Mr. G. F. VAN L. FRONEMAN:

As security value.

Mr. W. M. SUTTON:

It has no value other than 35 dollars per ounce because it will be bought at that price.

Mr. G. F. VAN L. FRONEMAN:

Nonsense.

Mr. W. M. SUTTON:

It is all right the hon. member obviously cannot follow what I am saying. What is happening with the free market price? People are speculating on the weakness of the American fiscal policy. I do not think anybody, neither the hon. the Minister nor anybody else, doubts the strength of the American economy. But what is being speculated on is the way in which the American people control the balance of payments which has been running against the dollar for the past so many years. Let us face it, the balance of payments has been running against the American government because of the aid they give, the money they spend on the Vietnam war, and because of all kinds of extraneous matters which are not related to the actual trade figures of the American people. This is what is happening. The other activities of the American Government are leading to a balance of payments crisis, a deficit. I think this is something which we have to look at again and take cognizance of. One of the most undesirable ways in which it can be remedied, is for America to go back into economic isolation, or to engage in a trade war with some of the European countries, or to limit investment capital abroad, or to require the repatriation of investment capital abroad, or to require the payment of debts by other countries within a certain specified time. It can be done and the American Government can restore its balance of payments immediately by actions of that sort which will have the most tremendously detrimental effect on world trade as such and on South Africa to a very great extent.

I believe the chance is here, and this is really why I raise the matter, for the hon. the Minister to take up a position for South Africa which will be to our advantage. We are in a strong position. I do not agree we have all the trumps, as the hon. member for Wonderboom said. But I do believe we are in a strong position.

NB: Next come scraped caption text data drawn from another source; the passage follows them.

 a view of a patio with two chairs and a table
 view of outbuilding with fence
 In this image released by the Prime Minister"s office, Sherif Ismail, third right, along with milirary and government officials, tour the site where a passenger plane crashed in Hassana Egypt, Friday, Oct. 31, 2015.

Mr. G. F. VAN L. FRONEMAN:

Are you pleading for America or are you pleading for South Africa?

Mr. W. M. SUTTON:

I am trying to make a serious contribution to the debate, and if that hon. member will keep his mouth shut perhaps we can get on a bit faster. I believe our position is such that South Africa as a country with the gold that we produce can use our position of strength to make available to us export opportunities and markets by negotiation with America and France and all the people concerned. Because gold is a wasting asset. Whether it is going to be revalued or not, it will be only a certain period of years before this gold which we have which has been the understay and the underpinning of our economy for so many years will get less, because the production will decline. It will decline irrevocably unless we have some fantastic new development or discovery which nobody yet suspects. What our future depends on and what the Western civilization about which the hon. member for Wonderboom spoke depends on, is the development of export markets and the strengthening of our economy. Again I believe the Minister, or some other Minister, or the Government as such, by negotiation with the interested parties in this gold dispute, can establish for us a very strong position in export markets by means of concessions made to us for the action which we will take either as regards stabilizing the dollar by holding the price of gold at 35 dollars an ounce, or by agreeing to limit the amount of gold which we will sell in the free market, or by means of some other steps which will occur to the hon. the Minister. It is not for me to pretend to know what steps will have to be taken. But I believe we are in a position of great strength.

An HON. MEMBER:

We must twist their arm.

Mr. W. M. SUTTON:

Yes, we must twist their arm. What kind of a chance have we got if we do not twist their arm? We are a small country and we are regarded by the American Government as an unfriendly nation. In their own words, and in the words of their President, we are an unfriendly nation. We are now in a position where we can impress them with the financial responsibility of South Africa and with the contribution which we are prepared to make to financial stability in the Western world. It was Lenin who said the easiest way to beat the capitalists is to debauch their currency. It can be done quite easily. All that must be done is to ruin the financial system of the Western world and then you ruin their ability to support the wars against Communism, to support the development of under-developed peoples and you ruin all the things the West have been doing in an attempt to check Communism. I believe it to be on the cards to-day that should there be a major recession or a major war of international finance between America and the West, this is what will happen.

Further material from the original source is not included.